**BRIEF**
Each line from the one containing "דירה Sea One Bedroom In" through the last line of the entries below is to be transcribed exactly. Nothing else belongs in the reply.

**Short web captions**
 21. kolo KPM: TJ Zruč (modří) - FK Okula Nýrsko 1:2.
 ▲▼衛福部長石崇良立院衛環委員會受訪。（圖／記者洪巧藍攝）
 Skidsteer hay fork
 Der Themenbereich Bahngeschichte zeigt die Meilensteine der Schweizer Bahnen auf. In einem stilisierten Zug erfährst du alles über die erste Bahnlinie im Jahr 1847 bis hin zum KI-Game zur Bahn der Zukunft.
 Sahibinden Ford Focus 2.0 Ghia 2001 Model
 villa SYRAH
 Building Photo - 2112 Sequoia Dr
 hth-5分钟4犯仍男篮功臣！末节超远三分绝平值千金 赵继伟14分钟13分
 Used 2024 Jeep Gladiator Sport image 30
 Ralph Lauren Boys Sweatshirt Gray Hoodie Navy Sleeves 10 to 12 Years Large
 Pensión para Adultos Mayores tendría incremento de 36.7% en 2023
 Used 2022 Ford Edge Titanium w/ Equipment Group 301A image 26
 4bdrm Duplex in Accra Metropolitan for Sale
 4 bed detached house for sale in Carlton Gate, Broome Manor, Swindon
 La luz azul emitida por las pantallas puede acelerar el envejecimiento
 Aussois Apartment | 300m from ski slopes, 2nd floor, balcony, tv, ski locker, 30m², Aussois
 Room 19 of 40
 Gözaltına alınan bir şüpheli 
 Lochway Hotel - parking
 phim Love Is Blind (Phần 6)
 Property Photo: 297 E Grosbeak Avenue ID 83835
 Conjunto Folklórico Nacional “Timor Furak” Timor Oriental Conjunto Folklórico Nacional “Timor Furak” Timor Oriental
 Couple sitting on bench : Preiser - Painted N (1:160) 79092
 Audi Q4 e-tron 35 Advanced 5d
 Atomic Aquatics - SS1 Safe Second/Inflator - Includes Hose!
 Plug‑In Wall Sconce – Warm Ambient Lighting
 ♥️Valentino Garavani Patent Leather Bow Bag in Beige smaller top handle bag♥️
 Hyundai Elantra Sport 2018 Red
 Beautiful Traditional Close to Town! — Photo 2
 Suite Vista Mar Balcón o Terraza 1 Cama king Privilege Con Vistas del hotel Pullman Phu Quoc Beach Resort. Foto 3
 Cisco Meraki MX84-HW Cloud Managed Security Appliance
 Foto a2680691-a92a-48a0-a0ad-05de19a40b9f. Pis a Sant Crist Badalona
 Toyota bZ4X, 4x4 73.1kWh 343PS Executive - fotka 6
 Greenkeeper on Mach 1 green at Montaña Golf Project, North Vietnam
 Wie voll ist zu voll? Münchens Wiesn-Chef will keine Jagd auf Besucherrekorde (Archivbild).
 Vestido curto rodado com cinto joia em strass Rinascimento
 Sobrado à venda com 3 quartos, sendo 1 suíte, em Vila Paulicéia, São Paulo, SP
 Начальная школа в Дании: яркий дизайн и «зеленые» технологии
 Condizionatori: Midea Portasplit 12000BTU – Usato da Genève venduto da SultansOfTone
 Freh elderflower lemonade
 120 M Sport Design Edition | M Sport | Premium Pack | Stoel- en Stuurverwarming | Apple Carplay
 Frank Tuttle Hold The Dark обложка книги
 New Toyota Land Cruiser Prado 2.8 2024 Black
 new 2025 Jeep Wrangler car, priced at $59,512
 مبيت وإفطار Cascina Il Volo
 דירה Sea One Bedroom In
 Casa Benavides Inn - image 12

**WORKED SOLUTION**
 דירה Sea One Bedroom In
 Casa Benavides Inn - image 12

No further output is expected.